Kennedy shared something with the simplest of men and the most complex: a belief that words mattered, that they were the primary conduits of truth. He despised the morally slovenly way men like LeMay talked about a nuclear war they had not seen and could not feel and did not understand. “I don’t think I have ever seen him more irritated than when he was describing how people talked rather glibly about the escalation that might take place—with apparently no deep understanding of just what it would entail,” recalled Kennedy’s old friend David Ormsby-Gore, who as British ambassador saw Kennedy several times that week.

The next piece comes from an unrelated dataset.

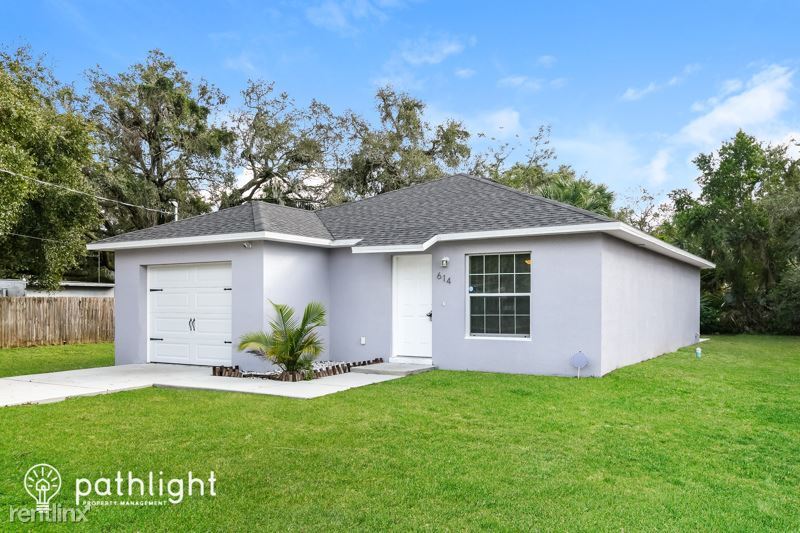 3 br, 2 bath House 614 Sears Avenue NE House Rental in Winter Haven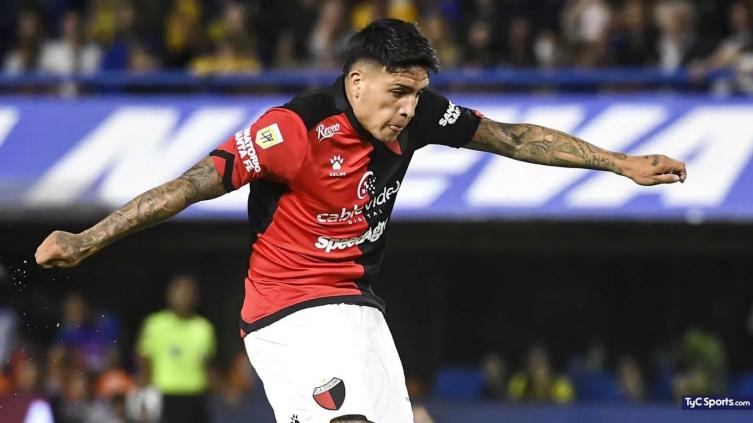 El hincha de Colón celebra la vuelta de Farías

While Kennedy flew off on Air Force One to speaking engagements in the Midwest scheduled months before, Bobby and the other Ex Comm members spent an intense day exploring alternatives before the president returned. Most of the civilian leaders believed in a blockade, while the generals universally called for preemptive air strikes.
The president had not gone off without leaving directives. “This thing is falling apart,” he said to his brother and to Sorensen. “You have to pull it together.” That was all he had to say. There was a private language that Kennedy spoke among his intimates, a lingo in which Bobby and Sorensen were the most fluent, the president’s nod a command, the pursing of his lips a directive. Sorensen, who was the president’s intellectual alter ego, sensed that Kennedy had decided that he must begin actions against the Cuban missiles with a blockade. “That’s not what he said to us,” Sorensen recalled. “But he didn’t have to. He knew what Bobby and I thought.”
Bundy was as close to a pure intellectual as anyone in Ex Comm. His mind turned back and forth between the alternatives, finding him at one moment for air strikes, the next for a blockade, and then perhaps for no action at all. Bobby had no regard for such Hamlet-like musings, and he did not appreciate the NSC adviser’s “strange flip-flops.” Bundy, for his part, was no more admiring of what he considered Bobby’s quick, easy certitudes, which Bundy believed would have had a deeper flavor if they had been aged at least a day or two.
Bundy tossed and turned all night long, musing about all the imponderables. In the morning he went in and saw the president before he left to tell him that he was not quite comfortable with the blockade option. “Well, I’m having some of those same worries,” Kennedy said, as Bundy recalled a few months later in a private memo, “and you know my first reaction was the air strike. Have another look at that and keep it alive.” Kennedy was thinking of a limited air strike, not setting the island aflame the way the generals were proposing.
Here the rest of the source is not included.